As a general matter, the Federal Arbitration Act requires courts to enforce arbitration agreements. The FAA does not apply, however, to employment contracts with “seamen, railroad employees, or any other class of workers engaged in foreign or interstate commerce.” Workers who fit this so-called transportation exemption cannot be required to arbitrate their claims under the FAA.

In recent years, last-mile delivery drivers have questioned whether last-mile driving qualifies for this exemption, such that they cannot be made to arbitrate under the FAA. Usually, the question turns on the determination of whether these drivers are engaged in interstate commerce. Courts have divided on whether it’s enough for last-mile drivers to deliver goods that have crossed state lines, even if the drivers never do.

On June 22, 2021, the Eleventh Circuit became the latest appellate court to enter the thickening fray, making clear that delivering goods that originate out of state is not enough to trigger the exemption. In doing so, the appellate court propped open the door for last-mile employers to argue that their drivers are not exempt from the FAA and may be mandated to arbitrate under the Act.
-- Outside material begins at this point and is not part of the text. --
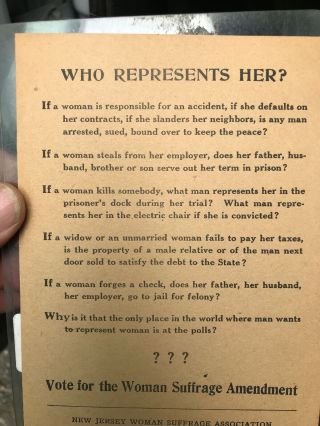 VERY RARE Vote For Woman Suffrage Amendment Jersey Flyer 2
The employer in this case, Partsfleet, helps to bridge the last-mile gap. To do so, it contracts with drivers like Curtis Hamrick, a last-mile delivery driver, who pick up goods from local warehouses and deliver them to their final destination. Those contracts require that disputes between Partsfleet and its drivers must proceed in arbitration.

Hamrick sued Partsfleet for alleged unpaid overtime under the FLSA. Partsfleet moved to compel the matter to arbitration. Resisting, Hamrick argued that he and other last-mile drivers fell within the transportation worker exemption, such that they could not be required to arbitrate under the FAA. The district court agreed, reasoning that (i) the drivers transported goods that traveled in interstate commerce, and (ii) that transport was the core function of their job.

Hamrick’s victory was short-lived. In its recent opinion, the Eleventh Circuit ruled that the district court’s analysis departed from the proper test for the exemption. To unlock the exemption, a worker must be employed in the transportation industry. But that alone isn’t sufficient—the worker must also, “in the main,” engage in the transportation of goods across state lines.

Relying on cases interpreting “interstate commerce” related language in different statutory contexts—namely, the FLSA and Motor Carrier Act—Hamrick had urged that drivers performing intrastate trips qualified for the FAA’s exemption so long as “they transport items which had been previously transported interstate.” Not so, ruled the Eleventh Circuit, observing that the FAA presented a distinct statutory scheme in which exemptions receive narrow construction.

The appellate court also took issue with Hamrick’s focus on goods instead of workers. The transportation worker exemption is just that, the court reasoned: an exemption “directed at what the class of workers is engaged in, not what it is carrying.” A test that requires workers to actually engage in the transport of goods between states honors the exemption’s text by: (i) maintaining the link between “workers” and “engaged in interstate commerce”; and (ii) defining that “residual phrase…consistently with the other transportation workers mentioned in the exemption.”

Because the district court did not apply the proper test, the Eleventh Circuit remanded for fact finding on whether Hamrick, in his work as a last-mile delivery driver, was employed in a transportation industry that actually engages in interstate commerce.

For last-mile businesses with operations in the Eleventh Circuit (which embraces Alabama, Florida, and Georgia), this decision is critically important. If last-mile drivers cannot establish they are employed in a transportation industry that actually engages in interstate commerce (i.e., transporting goods across state lines), then their promises to arbitrate their claims can be enforced under the FAA. The FAA’s transportation worker exemption will not apply.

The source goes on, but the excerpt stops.